_Required work:_
While leaving the pictures out, set down only the lines from the one with "So there you" through the end of the records, exactly as they stand.
%%
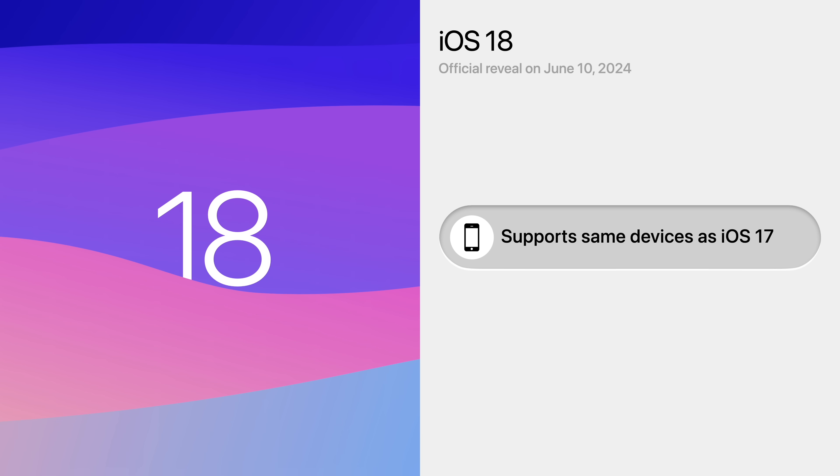And iOS 18 will most likely support the same devices as iOS 17, which means the iPhone XS, XR, and even SE 2 can be updated.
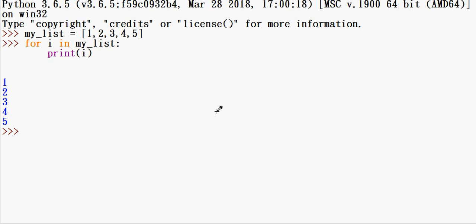So if you use the iterator, we can use two functions: iter() and next(). So we can use these two functions. So how do we iterate this list using these two functions?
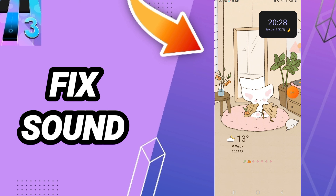In the end, you can turn off your phone and wait a moment, then turn your phone on again.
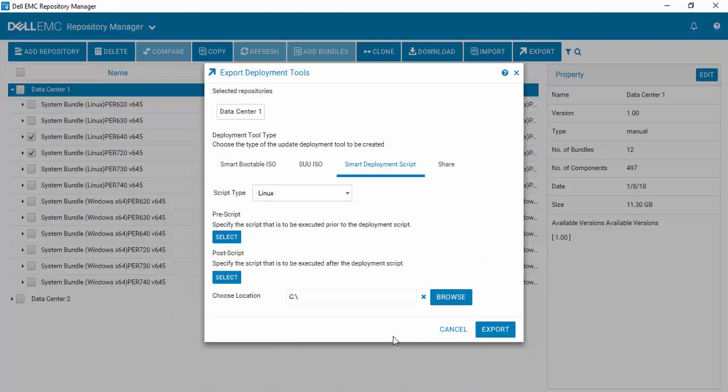So there you have an easy way to create smart deployment script packages using Dell EMC Repository Manager version 3.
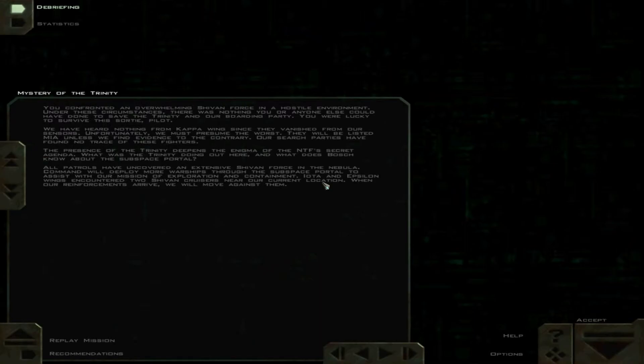IOTA and Epsilon wings encountered two Shivan cruisers near our current location. When our reinforcements arrive, we will move against them.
%%
_Output of the task:_
So there you have an easy way to create smart deployment script packages using Dell EMC Repository Manager version 3.
IOTA and Epsilon wings encountered two Shivan cruisers near our current location. When our reinforcements arrive, we will move against them.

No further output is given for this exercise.